En effet ils sont tous là, pressés sur le palier, me regardant avec des yeux étonnés, sans dire un mot. J’avais hurlé plus que de raison pour les avoir ainsi ameutés et attirés jusqu’à ma chambre. Cependant, je n’ose sortir du lit en leur présence sachant que ma tenue de nuit est des plus sommaires, il y a pourtant urgence la trace de mes dents sur la main de mon pauvre voisin saigne abondamment. Lui qui semble dans un état proche de l’effondrement n’a pas en plus besoin de ça pour s’affaiblir un peu plus.
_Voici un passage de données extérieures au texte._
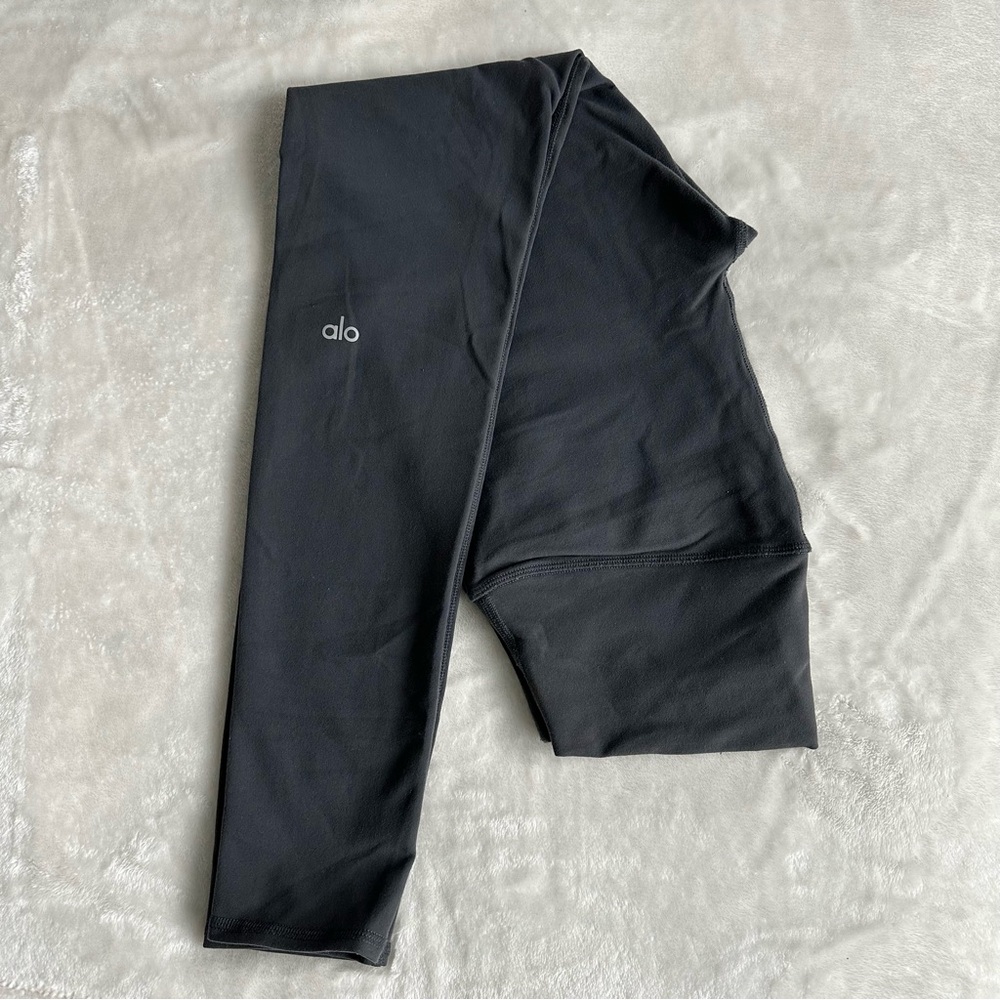 Alo High-Waist Airbrush Legging Gray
Il a compris la situation et leur a demandé de bien vouloir regagner leurs appartements, et qu’il passerait pour les informer de la suite des opérations.

Je suis sortie de sous mes draps après avoir jeté un œil sous la couette pour constater l’état de ma décence ; un « t-shirt » une culotte l’honneur était sauf, il avait eu la correction de se tourner pour ne pas m’accabler un peu plus dans ces instants où je me retrouvais en situation désagréable. 

Un jean et un pull plus tard, je pouvais lui dire donnez-moi votre main sans rougir.

J’avais la dent cruelle, dans une coupure on pouvait découvrir la blancheur de l’os, en parfait gentleman il n’a rien dit lorsque j’ai versé du cognac trois étoiles sur sa plaie,  mais qu’il aurait préféré le boire. J’ai serré le tout avec une bande de tissu déchirée sur une serviette de table. 

Sur le pas de la porte il m’a regardé en disant : je suis désolé de vous dire cela, mais vous n’allez pas bien du tout. Encore une chose si vous pouviez retrouver un lieu où vous approvisionner, je, enfin nous, les habitants de cet immeuble nous vous en serions reconnaissants car nous n’avons plus rien. J’ai hoché la tête sans répondre, mais il a compris que c’était oui !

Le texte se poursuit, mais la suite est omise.